Although not named as a Defendant in the TIG I, NAS, or Clarendon Actions, on September 21, 2010, Marsh filed a Motion for Leave to Intervene as a defendant in those actions. (Doc. # 68.) Magistrate Judge Chang issued an order granting that unopposed motion on October 25, 2010. (Doc. # 93.) On November 3, 2010, Marsh filed a Consolidated Substantive Joinder to the motions to dismiss pending in those three actions. ("Marsh Joinder," Doc. # 99.) On December 1, 2010, TIG filed an Opposition to Marsh's Consolidated Substantive Joinder. (Doc. # 104.) Marsh filed a Consolidated Reply in Support of its Consolidated Substantive Joinder on December 8, 2010. ("Marsh Joinder Reply," Doc. # 112.)

Clarendon's Opposition to the Motion to Dismiss Clarendon and the Foundations Joinder is also an Opposition to Marsh's Consolidated Substantive Joinder. (See Doc. # 105.)

E. Federal Court Lawsuit Filed by TIG Insurance Company Against Foundations ("TIG II Action")

On October 5, 2010, TIG filed a Complaint in this Court for declaratory relief against Defendant Foundations ("TIG II Complaint"). ("TIG II Compl.," Cv.

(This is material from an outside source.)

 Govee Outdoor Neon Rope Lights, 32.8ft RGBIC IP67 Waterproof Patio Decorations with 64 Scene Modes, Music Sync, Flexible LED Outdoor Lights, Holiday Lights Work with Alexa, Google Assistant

No. 10-00575, Doc. #1.) As set forth above, Haseko Homes, Inc. is the named insured under a Coverage Plus Excess Liability Policy issued by TIG, Policy Number XLB9152516, for the period of November 5, 1997 to November 5, 2001 ("TIG Excess Policy"). (Id. ¶ 13.) The TIG Excess Policy provides "excess commercial general liability coverage to an insured for that portion of the insured's covered ultimate net loss in excess of the applicable limits of underlying insurance." (Id.) Foundations is an insured under the TIG Excess Policy pursuant to an Owner Controlled Insurance Program put into place by Haseko. (See MTD TIG II at 5-6.) In August 2010, Foundations tendered its defense in theAlvarez, Steadfast, and Simpson Actions to TIG. (TIG II Compl. ¶ 14.) TIG contends that its defense obligation can only be triggered by the exhaustion of the underlying policies set forth in the Schedule of Underlying Insurance in the TIG Excess Policy as well as by exhaustion of any other insurance available to an insured. (Id. ¶ 16.) TIG also asserts that it has no duty to indemnify until the limits set forth in the Schedule of Underlying Insurance are exhausted through payment of claims covered by the TIG Excess Policy. (Id. ¶ 17.) TIG seeks a declaratory judgment that it has no duty to defend and no duty to indemnify Foundations in the Alvarez, Steadfast, and Simpson Actions. (Id. ¶¶ 24, 28.)

On November 3, 2010, Foundations filed a Motion to Dismiss Plaintiff TIG Insurance Company's Complaint or, in the Alternative, to Stay the Instant Action in Favor of Pending State Action ("Motion to Dismiss TIG II"). ("MTD TIG II," Doc. # 106.) TIG filed an Opposition to the Motion to Dismiss TIG II on December 8, 2010. ("MTD TIG II Opp'n," Doc. #111.) Foundations filed a Reply on December 14, 2010. ("MTD TIG II Reply," Doc. # 124.) On November 17, 2010, the parties filed a stipulation to consolidate the TIG II Action with the TIG I, NAS, and Clarendon Actions. (Doc. # 101.)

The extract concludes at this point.